**** Supplied entries ****

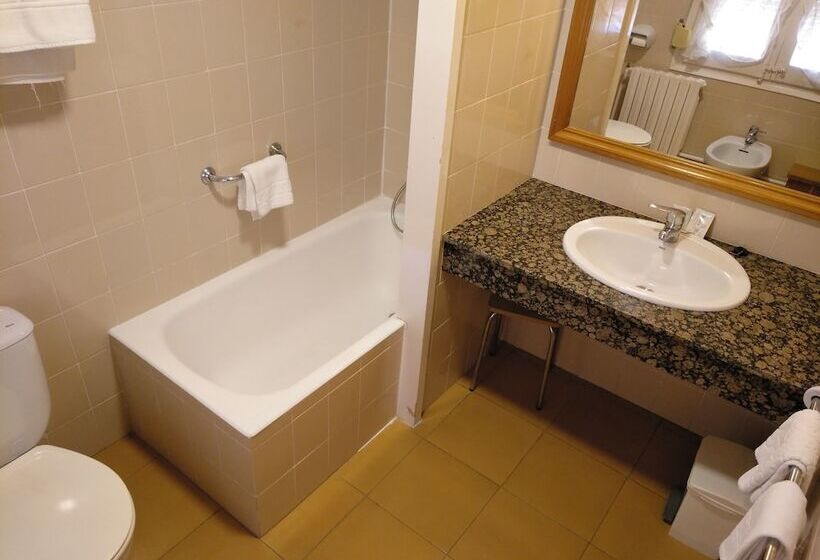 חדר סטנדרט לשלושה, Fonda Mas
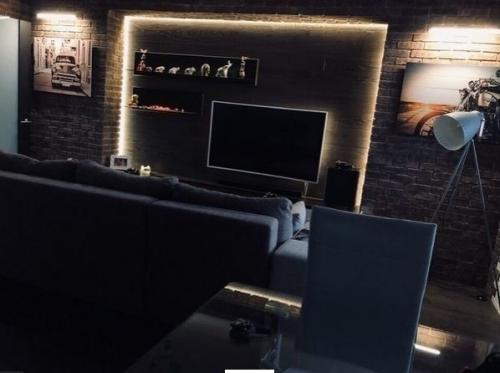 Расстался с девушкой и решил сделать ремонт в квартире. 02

****
**** Supplied entries ****

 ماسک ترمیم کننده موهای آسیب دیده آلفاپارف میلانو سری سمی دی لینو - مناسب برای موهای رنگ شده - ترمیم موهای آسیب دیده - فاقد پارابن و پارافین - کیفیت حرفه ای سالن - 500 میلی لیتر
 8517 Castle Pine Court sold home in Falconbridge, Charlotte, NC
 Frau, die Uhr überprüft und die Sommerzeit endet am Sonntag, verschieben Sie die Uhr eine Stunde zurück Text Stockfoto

****

• _Work to be completed_
Where a picture appears in the records above, omit it, and transcribe exactly the stretch of lines from the one with "חדר סטנדרט לשלושה, Fonda Mas" through the one with "Расстался с девушкой".

• _Answer section_
 חדר סטנדרט לשלושה, Fonda Mas
 Расстался с девушкой и решил сделать ремонт в квартире. 02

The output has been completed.